So here we’re looking at our Kanban board in our current spike. And you can see that I kind of recorded this video after I’d done some work here so you can ignore some of this and how this all will come to play. But I’ve already added some of my User Stories to a specific iteration. You see I’ve already assigned somebody to be responsible for this and I haven’t, maybe, adjusted the state on this particular one but there’s others that are currently active as I record this. OK. Particularly the card — the biggest portion of this card is the description. So this is: “As a role I want to …” And then here’s the Action. And then finally the justification — the rationale “… so that I can blah blah blah”. All right? And there’s all this meta-data there are there — are Areas there’s, you know, which Iteration does this belong to? There’s things like Reason and State.
We’ll get to Story Points. Those will actually be useful. But Classification, and whether it’s Business or Architectural Value Area. All right. And then the Acceptance Criteria there’s all this meta-data that you see associated with with a User Story. And these are optional elements that I would say either are planning or classification style information now. The meta-data is usually used in larger projects by people in roles that have a management function, whether at a project, product or even executive management position. It helps them plan and organize the individual tasks; who does what and when will it get delivered?
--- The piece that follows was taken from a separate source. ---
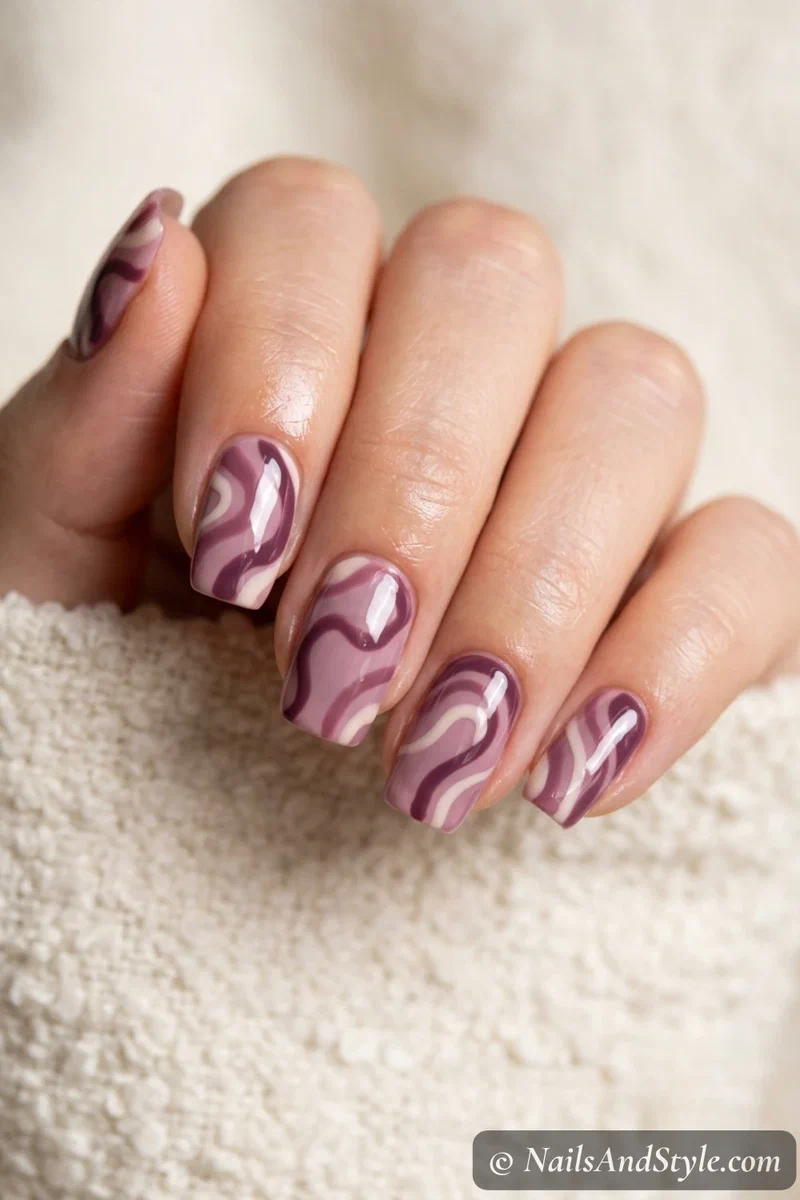 Plum and cream abstract swirl nails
And I think I’ve already talked about Story Points at least in some small way. They are arbitrary measures of effort that are required to implement a User Story. So, in simple terms, there is a number that tells the team how hard a story is to implement. So “hard” could be related to complexity. It could be really related to things we just don’t know. It might be related to the amount of effort even though it’s not complex, there’s a lot of effort that goes into it. Whatever the case might be, we can justify that by adding Story Points, and that will help us to decide whether we can fit a given User Story into a Sprint, into an iteration. Let’s see there are other things too.
And some of these are configurable like you can add or remove them. For example, there’s Priority and there’s Risk.
So, Priority is usually used by a larger organization as guidance to what should be tackled first from management’s perspective. And so you have, usually, three numbers here one — or actually one through four — sorry. And basically they should represent things like 1 – product can’t ship without a successful resolution of the work item. It should be addressed as soon as possible. Priority 2 means the product can’t ship without successful resolution of the work item but it doesn’t need to be addressed immediately. 3 The resolution of the work item is optional and based on resources time and Risk. And number four it’s just I guess it has no priority whatsoever in the system. Alright?
Then you can see the Risk — there is a high, medium and low Risk options that are automatically available. And so this is, again, another subjective rating that — that of the relative uncertainty around a given User Story. So a “one” would be high risk. “Three” would be low risk.
We saw the the Value Area before, whether it’s valuable to Business or Architectural parts of the business, I guess you can say.
Here again, kind of difficult to understand under what scenarios that you might you might actually use this or need this. It’s really up to individual organizations to figure that out for themselves. I think some things like the Risk and the Value, they demonstrate the mindset of Microsoft as they go went out to build Visual Studio Team Services to make it very flexible. It doesn’t enforce a very specific management style. You can use these anyway you want to use them. I think many of the “flags”, the little meta-data here that I call them are very subjective. I mean what is a “high risk task” versus a “low risk task”? Do you — what do you do with it? If it’s high risk do you put your best men on it? Do you have a meeting about it to clarify it? Do you tackle it first or do you tackle it last? So it really depends on your company your situation how you want to use these tools and what actions come out of them. So I see this as more of a — as flags and additional information that the management team can use to mitigate their risk during the project management — or I’m sorry the project life cycle.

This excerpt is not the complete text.